Wednesday, July 15, 2009

dikmen

Geçen sene ilk kez tecrübe edip de "bundan sonra bu tür aktiviteleri mutlaka tekrarlamalıyım" dediğim kamp yapmanın heyecanını geçtiğimiz hafta sonu ikinci kez yaşadım. Bu sefer hedefimiz Sakarya'nın Hendek ilçesine bağlı Dikmen mevkii idi. Burası Hendek'e yaklaşık otuzbeş km uzaklıkta ve yaklaşık binyediyüz metre rakımlı ve daha çok dağcıların kış eğitimleri için tercih ettiği bir mekan.

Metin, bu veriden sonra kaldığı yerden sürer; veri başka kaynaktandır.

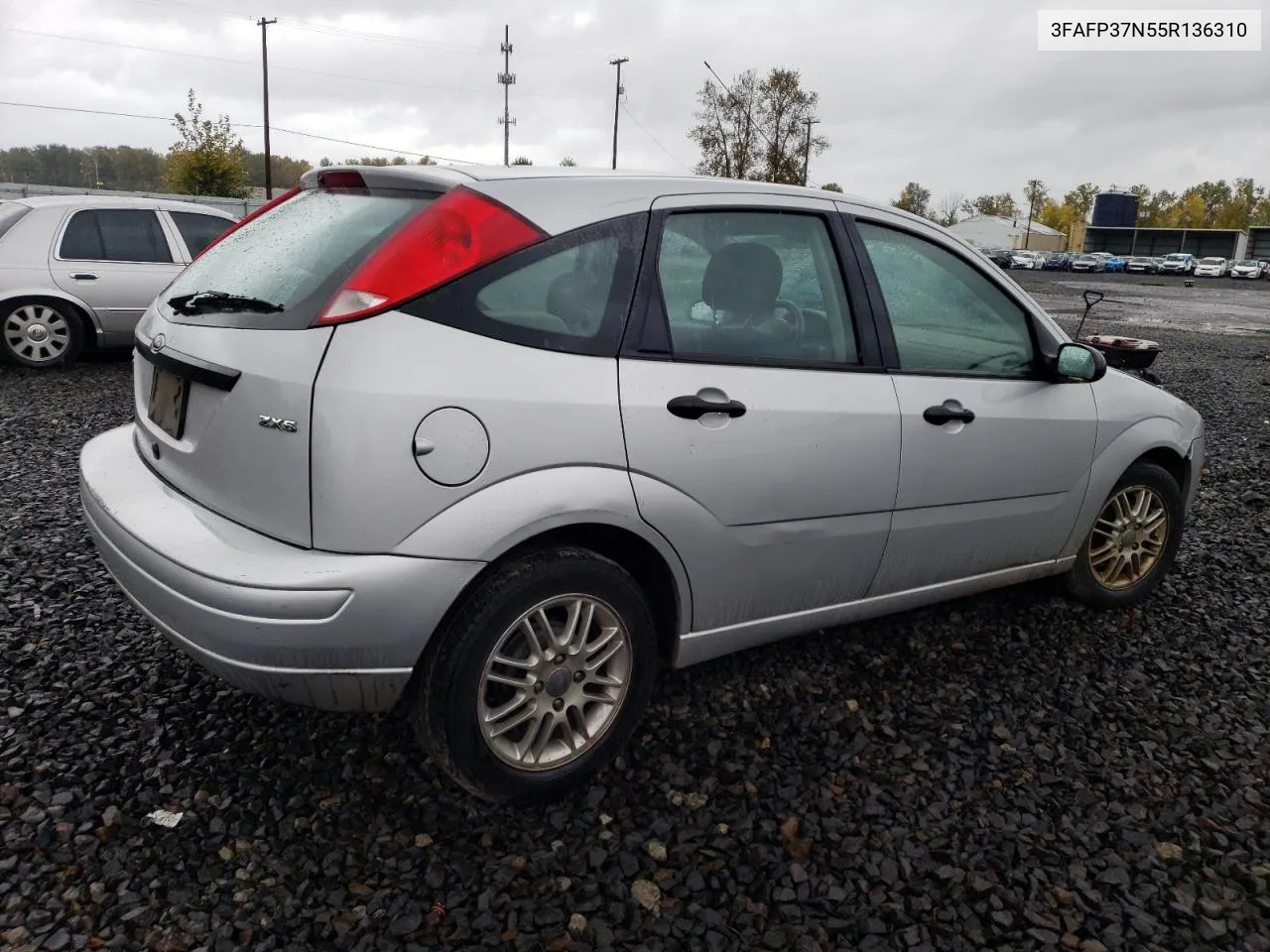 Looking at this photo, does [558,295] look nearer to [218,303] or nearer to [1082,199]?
[218,303]

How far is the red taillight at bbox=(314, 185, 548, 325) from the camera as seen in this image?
2223mm

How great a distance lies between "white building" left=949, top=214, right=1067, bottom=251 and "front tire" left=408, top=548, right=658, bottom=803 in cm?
11793

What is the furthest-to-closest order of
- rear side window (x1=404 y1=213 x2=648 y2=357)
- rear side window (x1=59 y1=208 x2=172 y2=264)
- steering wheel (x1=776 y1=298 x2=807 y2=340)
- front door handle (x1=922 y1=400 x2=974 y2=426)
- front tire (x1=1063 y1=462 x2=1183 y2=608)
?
rear side window (x1=59 y1=208 x2=172 y2=264), front tire (x1=1063 y1=462 x2=1183 y2=608), front door handle (x1=922 y1=400 x2=974 y2=426), steering wheel (x1=776 y1=298 x2=807 y2=340), rear side window (x1=404 y1=213 x2=648 y2=357)

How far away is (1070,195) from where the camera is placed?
142 metres

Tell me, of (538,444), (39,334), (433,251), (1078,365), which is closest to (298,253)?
(433,251)

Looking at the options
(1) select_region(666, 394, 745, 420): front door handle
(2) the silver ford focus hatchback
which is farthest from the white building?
(1) select_region(666, 394, 745, 420): front door handle

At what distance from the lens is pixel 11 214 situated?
8.79 m

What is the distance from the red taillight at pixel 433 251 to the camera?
2223 millimetres

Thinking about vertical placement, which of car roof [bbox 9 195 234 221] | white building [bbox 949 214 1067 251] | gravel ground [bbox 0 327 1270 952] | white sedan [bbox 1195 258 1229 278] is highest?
white building [bbox 949 214 1067 251]

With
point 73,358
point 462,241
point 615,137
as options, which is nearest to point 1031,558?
point 462,241

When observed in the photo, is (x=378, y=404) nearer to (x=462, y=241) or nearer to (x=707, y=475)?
(x=462, y=241)

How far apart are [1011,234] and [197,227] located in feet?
387

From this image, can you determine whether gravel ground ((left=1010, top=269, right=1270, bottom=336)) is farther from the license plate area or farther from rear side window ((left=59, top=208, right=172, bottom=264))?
the license plate area

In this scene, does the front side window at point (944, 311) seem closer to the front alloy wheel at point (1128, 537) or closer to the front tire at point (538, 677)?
the front alloy wheel at point (1128, 537) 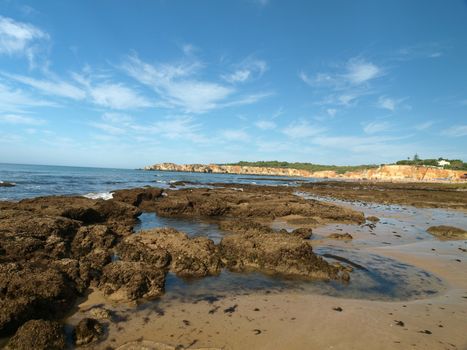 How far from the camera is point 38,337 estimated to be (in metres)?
4.08

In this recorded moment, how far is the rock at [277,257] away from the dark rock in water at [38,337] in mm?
4237

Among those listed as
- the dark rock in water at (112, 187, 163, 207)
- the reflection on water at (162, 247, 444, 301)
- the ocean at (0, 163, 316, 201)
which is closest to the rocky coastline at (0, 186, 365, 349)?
the reflection on water at (162, 247, 444, 301)

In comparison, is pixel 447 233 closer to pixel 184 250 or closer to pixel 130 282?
pixel 184 250

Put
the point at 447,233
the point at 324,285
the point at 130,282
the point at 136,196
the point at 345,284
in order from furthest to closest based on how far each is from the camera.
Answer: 1. the point at 136,196
2. the point at 447,233
3. the point at 345,284
4. the point at 324,285
5. the point at 130,282

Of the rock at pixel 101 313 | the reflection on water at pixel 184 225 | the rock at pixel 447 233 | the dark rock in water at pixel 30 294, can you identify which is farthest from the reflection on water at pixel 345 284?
the rock at pixel 447 233

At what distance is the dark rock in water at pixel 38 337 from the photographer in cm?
402

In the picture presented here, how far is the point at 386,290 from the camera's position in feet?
22.1

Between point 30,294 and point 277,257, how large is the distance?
210 inches

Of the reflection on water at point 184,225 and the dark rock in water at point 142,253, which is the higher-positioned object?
the dark rock in water at point 142,253

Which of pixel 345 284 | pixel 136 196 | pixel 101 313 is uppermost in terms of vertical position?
pixel 136 196

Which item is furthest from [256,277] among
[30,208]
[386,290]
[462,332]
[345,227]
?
[30,208]

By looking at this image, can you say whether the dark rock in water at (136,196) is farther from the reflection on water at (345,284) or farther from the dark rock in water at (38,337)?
the dark rock in water at (38,337)

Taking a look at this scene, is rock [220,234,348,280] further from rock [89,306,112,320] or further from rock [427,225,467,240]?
rock [427,225,467,240]

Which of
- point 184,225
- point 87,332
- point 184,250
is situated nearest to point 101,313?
point 87,332
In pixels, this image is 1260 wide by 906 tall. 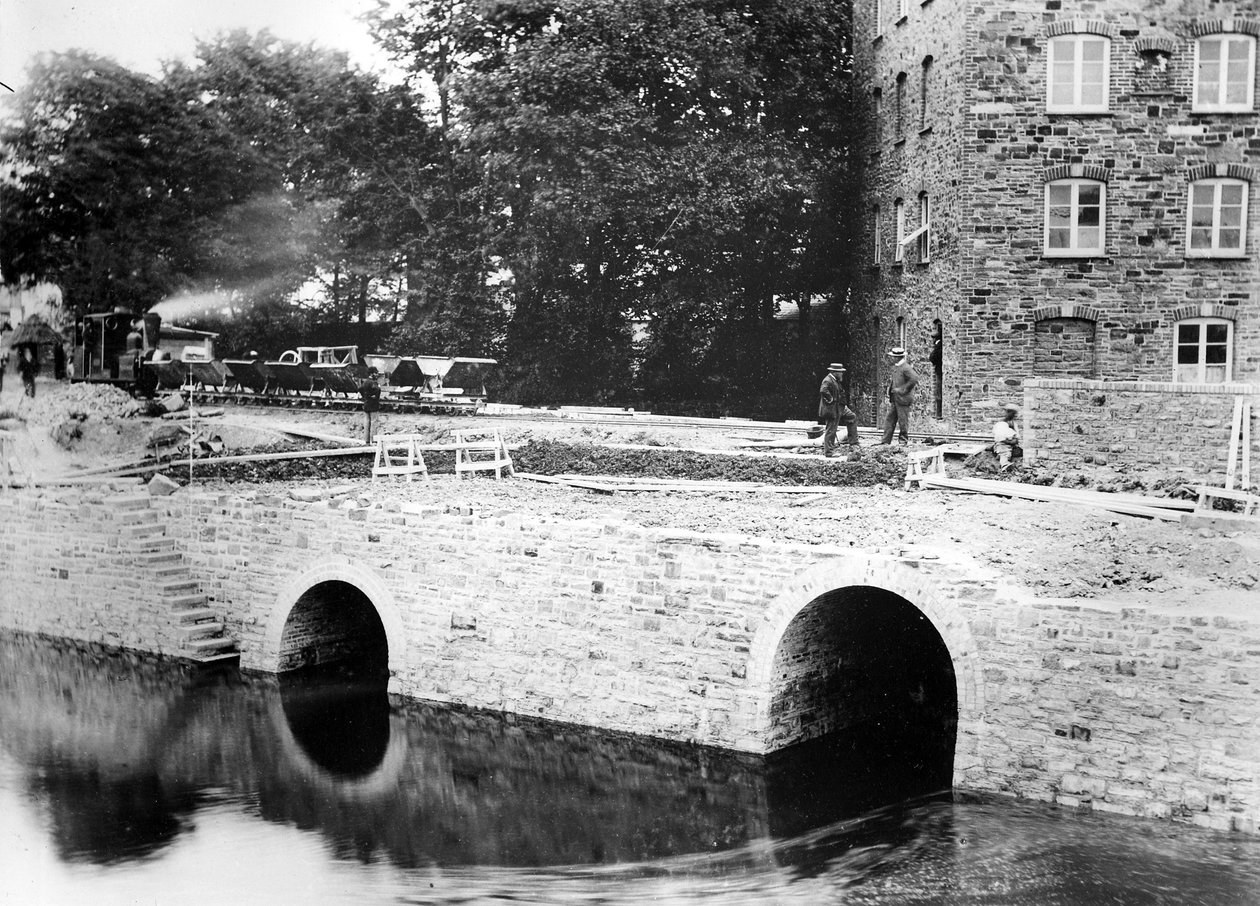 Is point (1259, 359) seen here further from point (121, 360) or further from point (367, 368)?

Cumartesi sabahı sıcak mı sıcak istanbulu geride bırakarak hedefe doğru yollandım. İzmit'te grubun diğer üyeleri ile buluşup şen şakak yola koyulduk. Yaklaşık bir saati aşkın bir yolculuğun ardından Hendek'e ulaştık. Buradan arabalarımızla tırmanmaya başladık. Karadere'ye gelince buradaki jandarma karakoluna bildirim yapma gereği hissettik. Grubumuzun üyelerinin isimleri ve telefon nolarının belirtildiği bir dilekçe ve kimlik örneklerini alarak karakola bildirim yapmayı daha önceki nice emniyet tecrübelerimin farkında olarak kendim teslim etmek istedim. Nizamiyeden içeri girerken tüylerimin diken diken olduğunu saklayamayacağım. Karakolda nöbetçi komutan durumundaki uzman çavuşla, erler işlemlerimizi hallederken lafladık. Muhabbet fazla uzamış olmalı ki, dışarı çıktığımda grup üyeleri dönüp dönmeyeceğim konusunda endişelenmişti. Derken yüksek rakıma doğru tırmanmaya başladık. Yol boyunca radyoda dinlediğimiz hava durumu raporlarında yoğun yağış uyarısı yapılsa da hava gayet güneşli idi. Yağış uyarısı bizi biraz endişelendirdiyse de en kötü ihtimalle kötü bir tecrübe yaşamak da fena değil düşüncesi hakimdi.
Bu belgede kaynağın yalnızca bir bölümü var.